Current executive roles
Following the death of his father and founder of the company, C. David Molina, MD in 1996, Molina took on two key executive roles at Molina Healthcare Inc.: chief executive officer, chairman of the board and president.

He is also a director of America's Health Insurance Plans and a member of: the Financial Solvency Standards Board, the American College of Physicians, California Medical Association and the boards of: the California Association of Health Insurance Plans, Aquarium of the Pacific, and the Homeboy Industries. He is also on the board of trustees at Johns Hopkins Medicine.
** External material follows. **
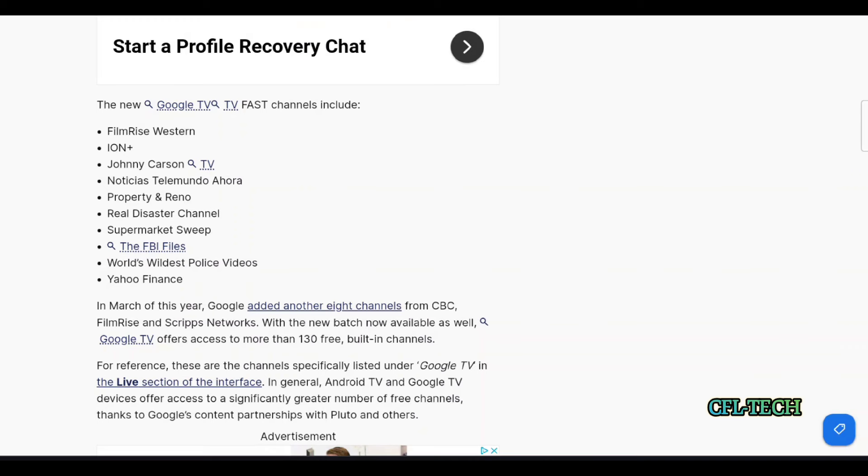We have View coming out this fall, the joint venture between Fox, Disney, and Warner Brothers. That's going to be a big sports venture and we'll see what happens with the live TV streaming services.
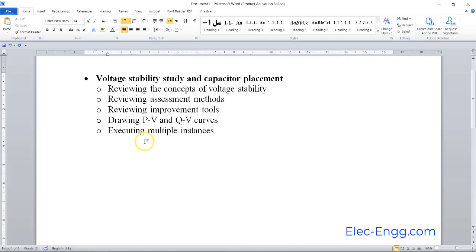This short course covers voltage stability study and capacitor placement. We will be reviewing the concepts of voltage stability in power system study and reviewing some assessment tools.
In 2009 Molina Healthcare took in $3.7 billion, of which $31 million was profit. Molina's personal total compensation for 2014 was: $7,854,147.

Employment history
Prior to his leadership roles at the firm, Molina held a number of other key roles at Molina Healthcare.  These included: Medical Director (supervising medical and risk management matters) and vice president (in charge of provider contracting, member services, marketing and QA).

Education
Molina's M.D. is from the University of Southern California, where he was elected to membership in Alpha Omega Alpha and Sigma Xi.  He has an honorary doctorate from Claremont Graduate University.

Molina did his medical internship and residency at the Johns Hopkins Hospital. After that, he was a fellow for four years at the University of California, San Diego, and the San Diego Veterans Affairs Medical Center, in endocrinology and metabolism.  Thereafter he became assistant professor of medicine at USC.

Awards and recognition
Molina received the Ernst & Young Greater Los Angeles Entrepreneur of the Year Award in 2002. In the same year, he was inducted into the Long Beach Community College Hall of Fame.  He became an honoree of the Greater Long Beach National Conference for Community and Justice. Time Magazine featured him as one of America's most influential Hispanics in 2005.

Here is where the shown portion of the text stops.